AI Usage & Quotas

Where to Look

Open Settings and scroll to the AI Usage card. It shows your active workspace's AI consumption over the last 30 days and refreshes automatically when you switch workspaces. Viewing usage requires permission on the workspace — members without it see a permission notice instead of the numbers.

The card contains four sections:

  • Headline numbers — total tokens, total requests, alert enrichments (with how many succeeded), and two cache-hit rates (see below).
  • Daily tokens — a sparkline of token consumption per day, for spotting spikes at a glance.
  • Usage by type — a table breaking tokens and requests down per usage type (for example alert_enrichment vs. session-driven analysis), with each type's share of the total.
  • Channel reliability — the top alert channels by test volume over the last 30 days, with success rate and average latency.

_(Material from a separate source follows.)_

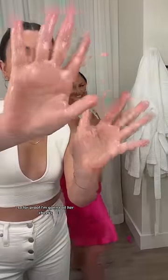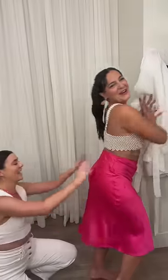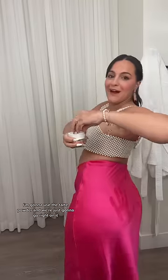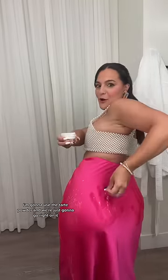I have some haters who don't believe that this Tarte powder got out the oil on my satin dress from yesterday. So for proof, I'm gonna oil her cheeks and use the Tarte powder — we're just gonna go right on it.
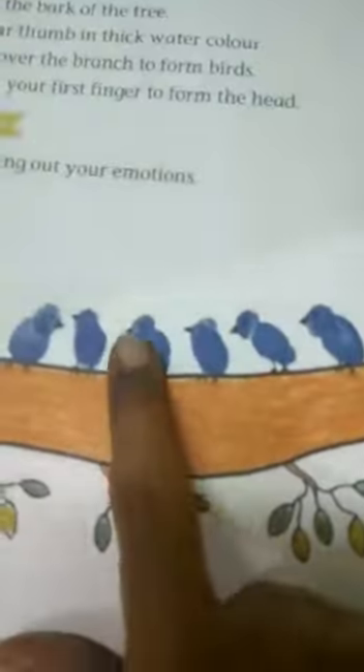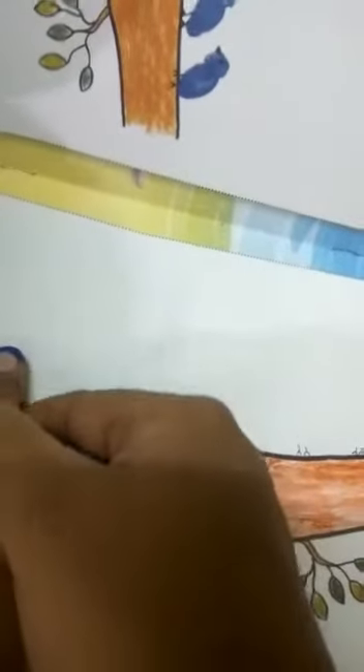Now, we have to use some watercolor. Which color? Watercolor. This is blue color. Now, we will dip our thumb inside watercolor and we will press it here. This will look like the body of a bird. Once again, we will dip our thumb.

Populated by testing channels from the Alerts → Channels page.

What Counts as a Query

A query is one natural-language question sent to the AI for analysis — a live-session question, a Smart Reports request, a multi-agent correlation question, an automated alert enrichment, and so on. Each query consumes one unit from your organization's monthly pool. Tokens are the underlying cost unit your provider bills in; the AI Usage card reports both so you can see how token-heavy your average query is.

Usage is recorded per call at routing time and rolled up per organization, per day, and per usage type. The two streams that feed the card are alert enrichments and AI session usage (live sessions, reports, and other operator-driven analysis).

The Per-Organization Pool

Query quotas are pooled at the organization level. Every subscribed user's tier contributes its monthly query allotment to the shared pool — whether the subscription was self-purchased or admin-purchased. A workspace with two Business subscribers has a 10,000-query pool, drawn down by any member's AI activity.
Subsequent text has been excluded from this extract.